Em abril de 1987, aos 68 anos, Primo Levi é encontrado morto no poço da escadaria do apartamento no qual vivera toda a vida.
A vida antes de Auschwitz
Primo Levi nasceu em Turim, no dia 31 de julho de 1919, no seio de uma família judaica burguesa de origem sefaradita. A família Levi, apesar de manter a maior parte das tradições e festas judaicas, assim como grande parte dos judeus italianos era muito bem integrada na tolerante sociedade da Itália pré-fascista. Mesmo após a subida de Mussolini ao poder havia na Itália um clima de relativa tolerância em relação aos judeus.

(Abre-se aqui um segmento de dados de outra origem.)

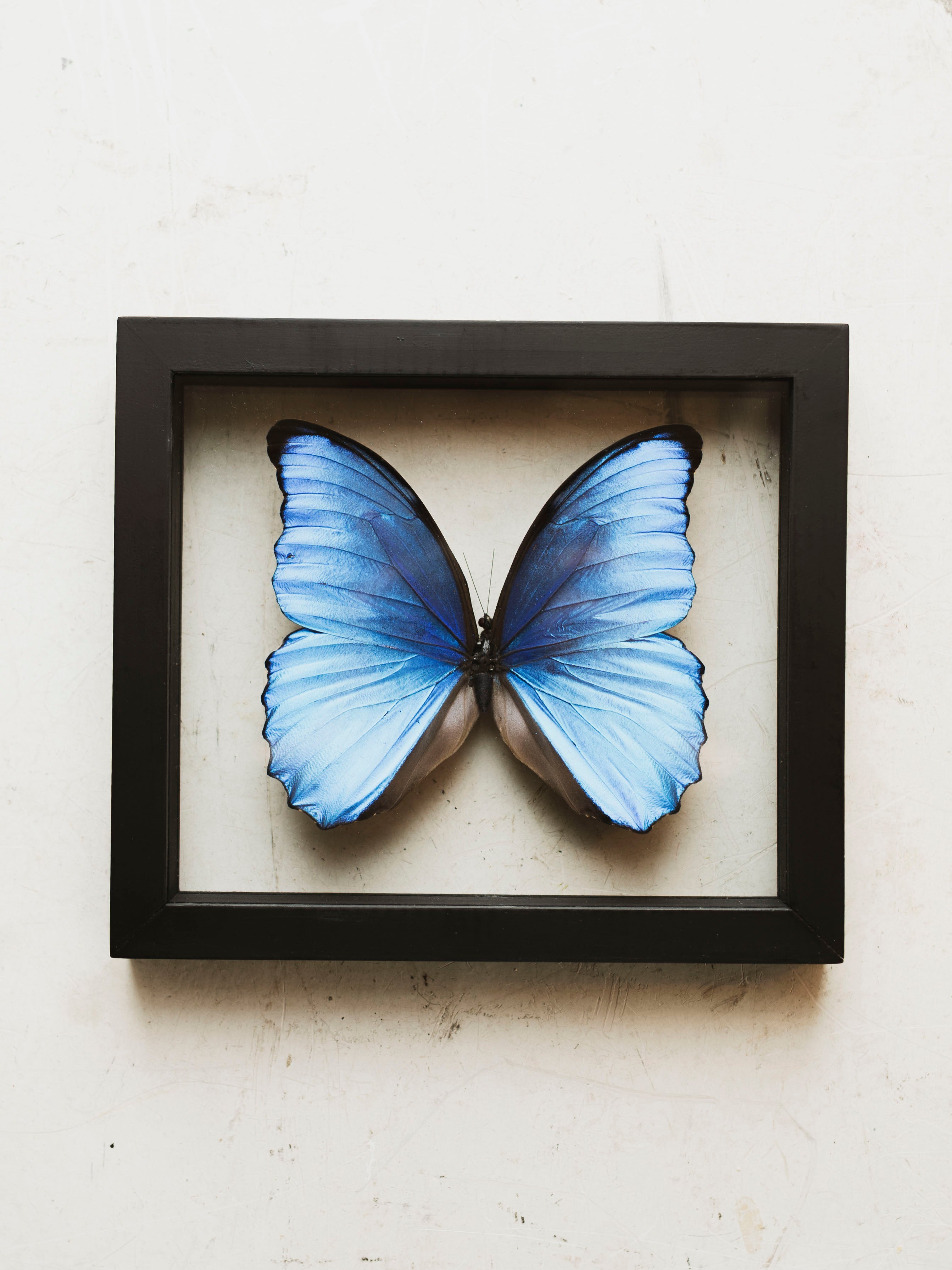 モルフォブルー Framed Double Glass Blue Morpho Butterfly, IN046 – Black Moth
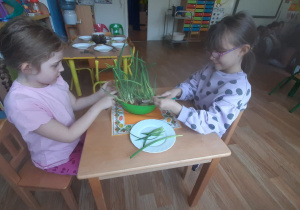 Dzieci zrywają szczypiorek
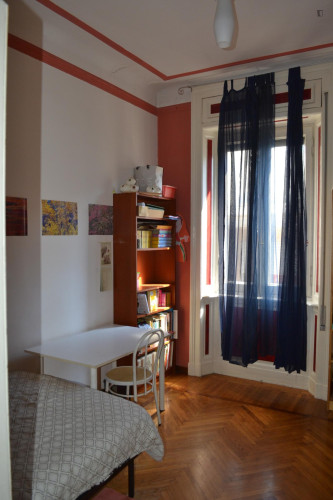 Bright single room in Milano Città Studi-Lambrate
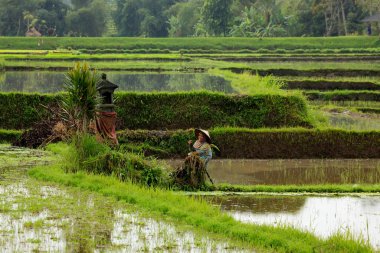 Bali. Endonezya, 14 Temmuz 2010: Endonezya 'nın Bali, Endonezya ovalarında su basmış bir alanda pirinç ekimi üzerinde çalışan tipik bir Asyalı kadının genel görünümü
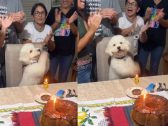 Poodle “bate palmas” no aniversário de 5 anos e espera parabéns para comer hambúrguer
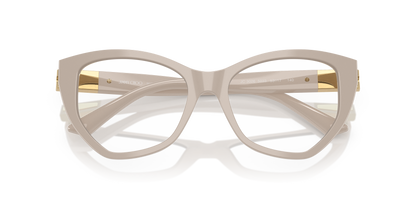 JIMMY CHOO JC3026 5033 51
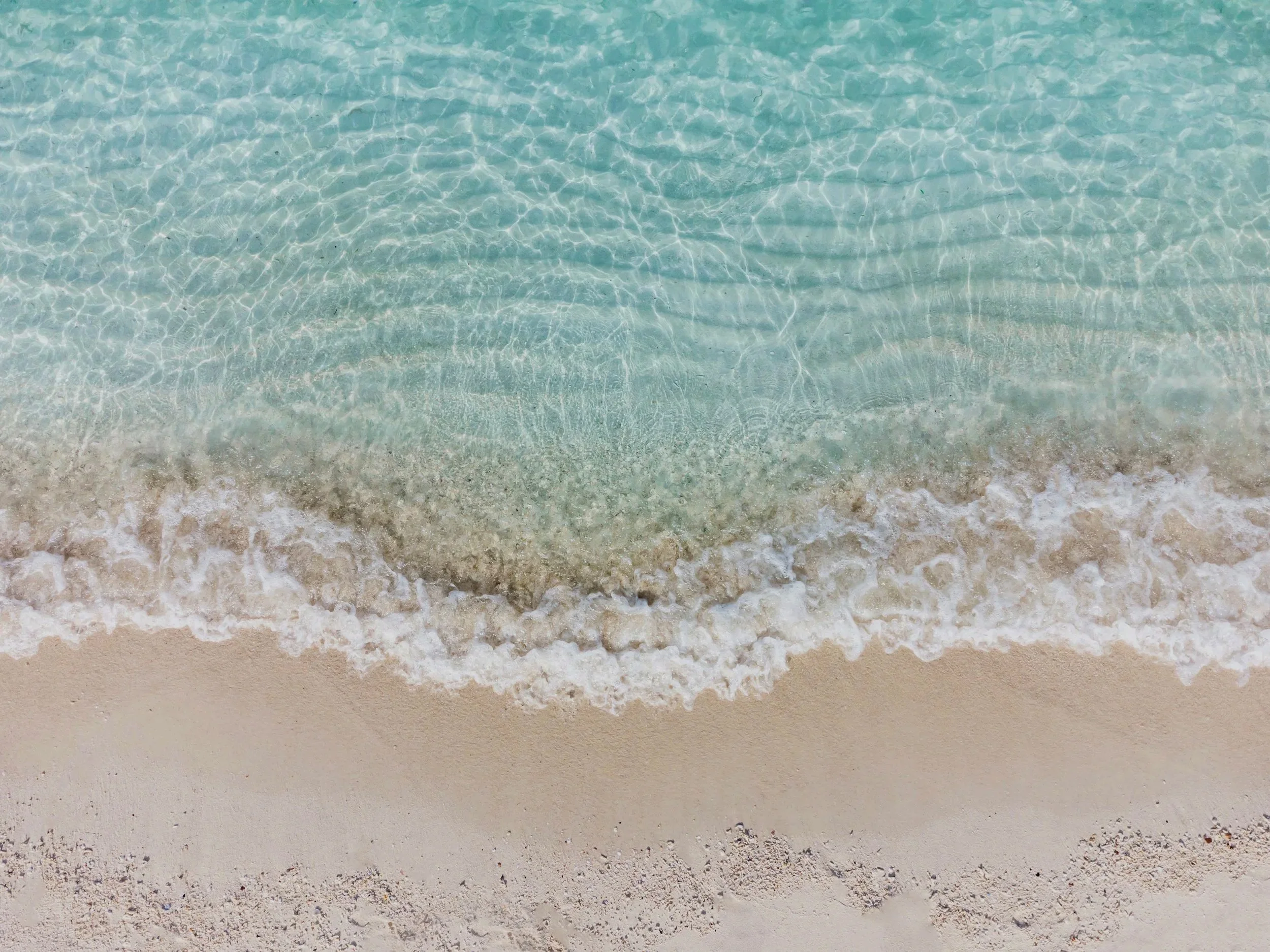 AdobeStock_413987130.jpg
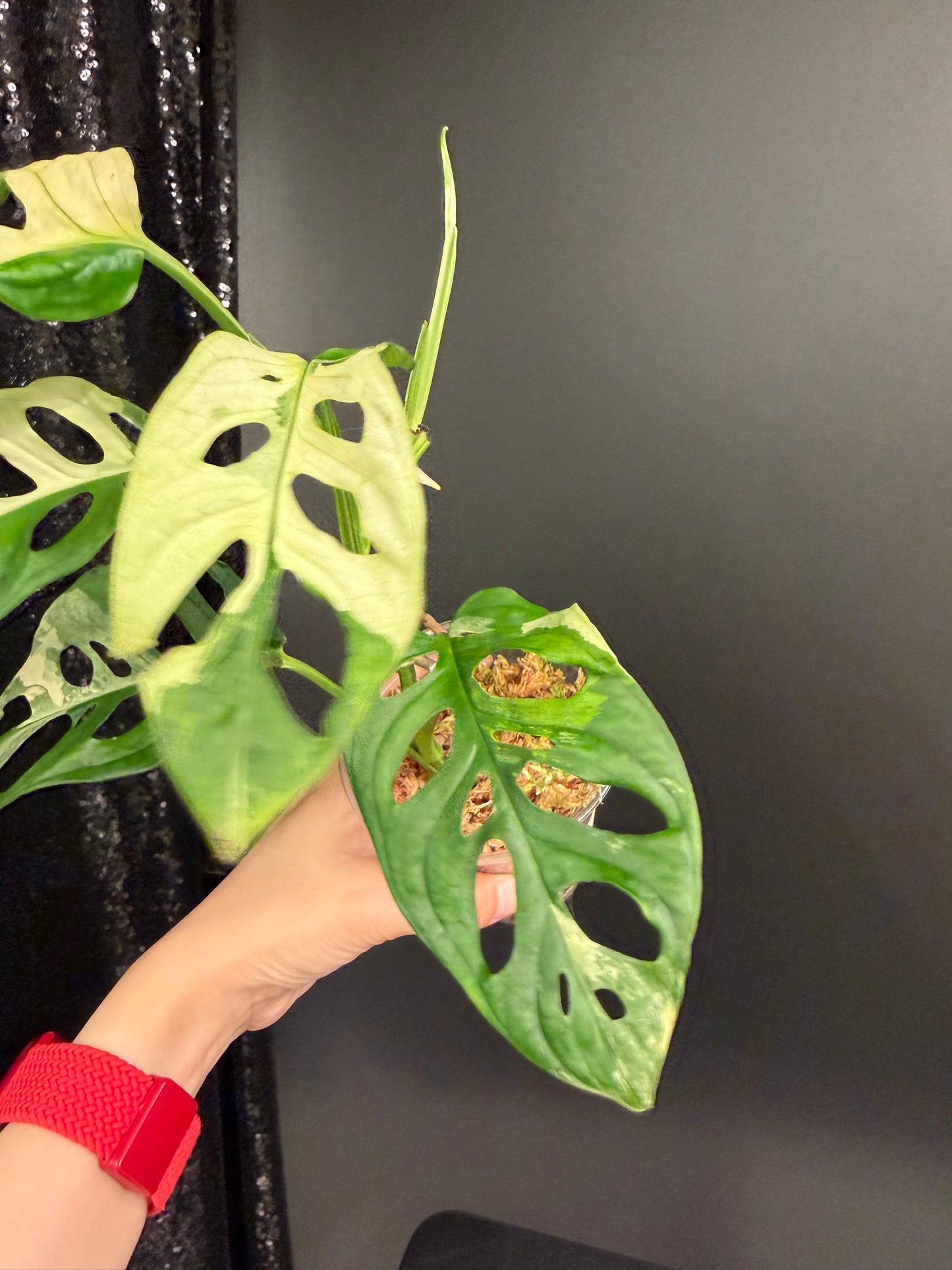 Monstera Adansonii Albo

Seu próprio pai se torna a contra-gosto, assim como outros judeus, membro do partido fascista. Mas, mesmo na Itália, as doutrinas raciais e as idéias fascistas tomaram conta de grande parte da sociedade italiana. Em 1938, Mussolini anuncia as leis raciais italianas inspiradas nas Leis de Nuremberg. Um regime de segregação é instituído contra os judeus; muitos são afastados de seus cargos públicos ou demitidos de escolas e faculdades.
Bens e moradias são seqüestrados. Mas apesar do que via em sua volta, Primo Levi estava convencido que a “razão iria triunfar”, que “a ciência com seu discurso objetivo” acabaria por colocar em dúvida as idéias fascistas, derrotando-as.
Em 1941, um ano depois de a Itália ter entrado na guerra ao lado de Hitler, Levi recebe seu doutorado em Química pela Universidade de Turim. Apesar de excluírem os judeus das universidades, havia na área das ciências exatas muitos professores antifascistas e um deles, Nicola Dallaporta, aceitou Levi como aluno no curso de pós-graduação.
Dois anos mais tarde, após o colapso do regime de Mussolini, em 1943, Primo Levi toma a decisão que vai marcar sua vida para sempre. Decide com alguns amigos formar um grupo de “partigiani” para lutar contra os fascistas. Inexperiente, acaba sendo preso num esconderijo nos Alpes, a 13 de dezembro de 1943, por milícias fascistas.
Interrogado, declara-se “cidadão italia-no de raça judaica” e como judeu é enviado a um campo de concentração fascista perto de Módena. No mesmo campo, encontra centenas de outros judeus italianos, famílias inteiras. Quando em fevereiro, dois meses após sua prisão, tropas das SS chegam ao campo com a ordem de deportar imediatamente todos os judeus, o medo se alastra entre eles. Já era o final de 1943.
As notícias vindas da Alemanha, da Polônia e da Rússia sobre o terrível destino que esperava qualquer judeu que caía em mãos nazistas já circulavam entre os judeus. A maioria sabia que a deportação era uma condenação à morte.
No fatídico 22 de fevereiro, 650 judeus foram jogados dentro de 12 vagões chumbados, num “dos famosos comboios alemães, desses que não retornam, dos quais com um calafrio e com uma pontinha de dúvida tantas vezes tinham ouvido falar”, relata Levi. A viagem durou cinco dias.
O destino era um lugar que nunca antes ninguém ouvira falar: Auschwitz. Do total dos 650 judeus italianos deportados naquele comboio, só 29 sobreviveram. Os restantes morreram em Auschwitz, uma morte anônima.